Prolog

54 8 6
                                    

"Sekian lamanya aku merawat perasaan ini sendirian, namun saat ia belum benar-benar tumbuh sempurna, dalam sekejap kamu memusnahkannya."–Aydiara Raenissa.

Diar

"Woi, Diar! Ngelamunin apaan lo?!" Suaranya cukup membuatku terlonjak kaget dan kembali dari alam bawah sadarku ke dunia nyata.

"Ih, apaan sih lo, gangguin orang aja!" Sahutku refleks.

"Hayoo, lo ngelamunin apa? Ngelamunin gue ya? Ciee, secara dong lo mikirin gue, gue kan ganteng, cewek mana sih yang bisa menolak pesona gue."

Hmm, over-pede nya dalam mode on. Tapi, by the way gue emang mikirin elo. Mikirin gimana kalo misalnya gue sama lo bisa ngebangun relationship sama elo. Haha, ngarep banget ya gue. Gumamku dalam hati.

"Terserah lo ah, gue mau balik ke kelas ya, bye!" Kataku tanpa basa-basi. Aku tak ingin berlama-lama berada di dekatnya. Entah mengapa, rasanya hatiku bergemuruh ketika sedang bersamanya. Dia, Devan Arditya, cowok pertama yang berhasil membuatku jatuh hati. Dan aku tidak ingin jatuh terlalu dalam, karena dia..

Sahabatku.

"Dih, Diar! Main pergi-pergi aja, gue baru aja dateng! Woi! Woi, Diar, tungguin gue!" Teriaknya. Aku tidak memedulikannya, aku terus melangkahkan kaki ku menuju ke kelas. Aku sudah hafal sifatnya, dia selalu bersikap manis seperti itu padaku. Dan itu membuatku harus berusaha semakin keras agar tidak terlihat baper di depannya. Aku tidak ingin tembok pertahanan yang ku bangun selama tiga tahun terakhir runtuh begitu saja karena aku kelepasan menyatakan perasaanku padanya.
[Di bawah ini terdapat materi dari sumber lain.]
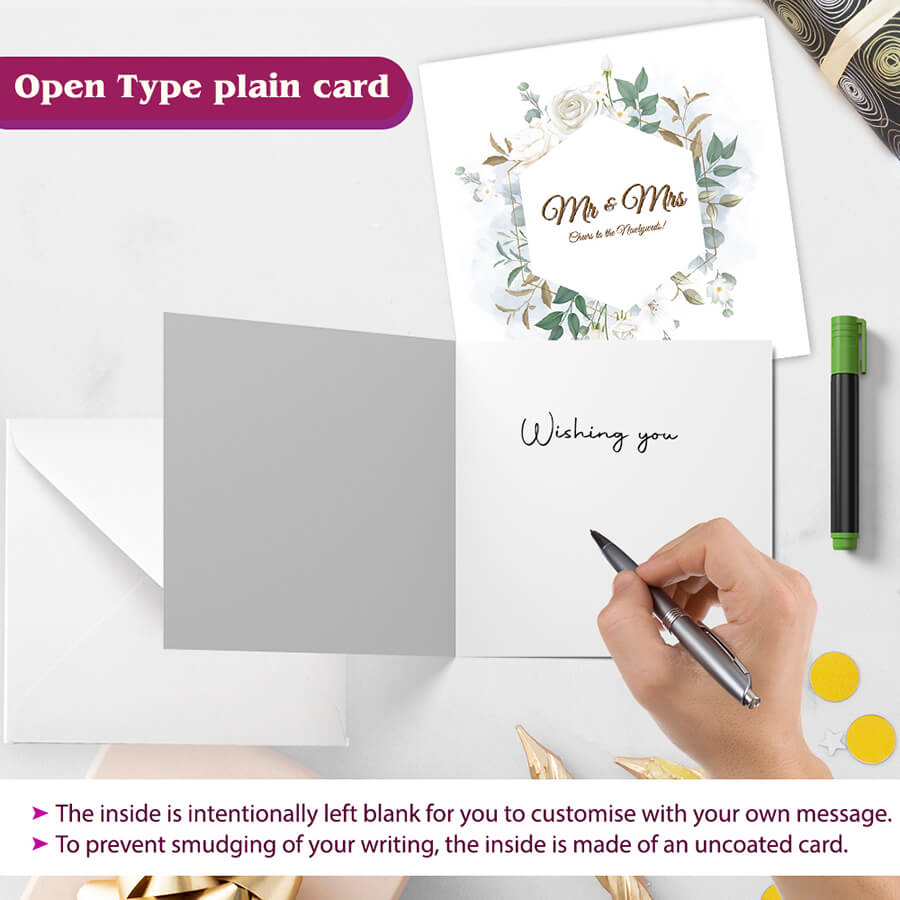 Cheers to the newlyweds wedding card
Ku rasakan seseorang menahan lenganku. Aku sudah menyiapkan umpatan, hendak menyembur orang itu dengan sederet kalimat yang biasa ku lontarkan pada orang-orang ketika mereka menyentuhku sembarangan. Namun, saat ku tengokan kepalaku, umpatanku tertahan ditenggorokan. Dia lagi.
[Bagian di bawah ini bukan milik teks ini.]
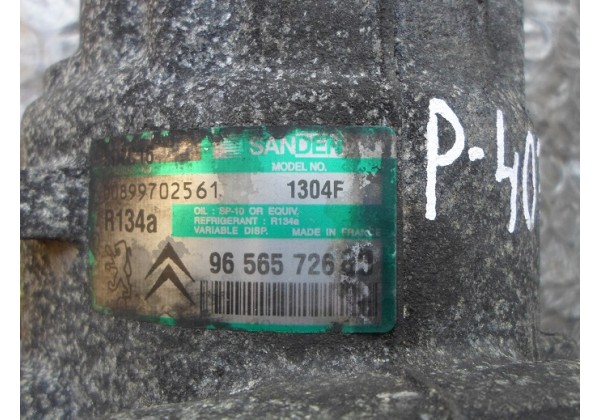 компрессор кондиціонера Peugeot 407,Citroen C5,1.6hdi,9656572680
"Apaan lagi, sih, Devan?" Aku mencoba untuk bersikap biasa saja.

"Ekhm, gue mau ngomong."

"Ngomong apaan, sih? Cepetan, gue buru-buru, nih. Sambil jalan aja deh."

"Diar, ini penting. Please, bentar aja." Aku menghentikan langkahku seketika. Tiba-tiba saja aku teringat sinetron-sinetron yang biasa di tonton adik kembarku. Biasanya kalo cowok bilang penting,..

Oh, tuhan, ini yang gue tunggu sejak tiga tahun yang lalu. Dia mau nyatain perasaanya? Gila! Gue belom siap denger pernyataan cintanya. Tapi, gapapa deh, seenggaknya penantian gue selama ini ternyata berbalas. Horeee! Dihatiku, seorang gadis yang mirip denganku meloncat kegirangan. Aku merasa ada banyak kupu-kupu beterbangan diperutku. Aku merasa senang sekali. Tanpa ku sadari, kedua ujung bibirku tertarik keatas, membentuk sebuah senyuman.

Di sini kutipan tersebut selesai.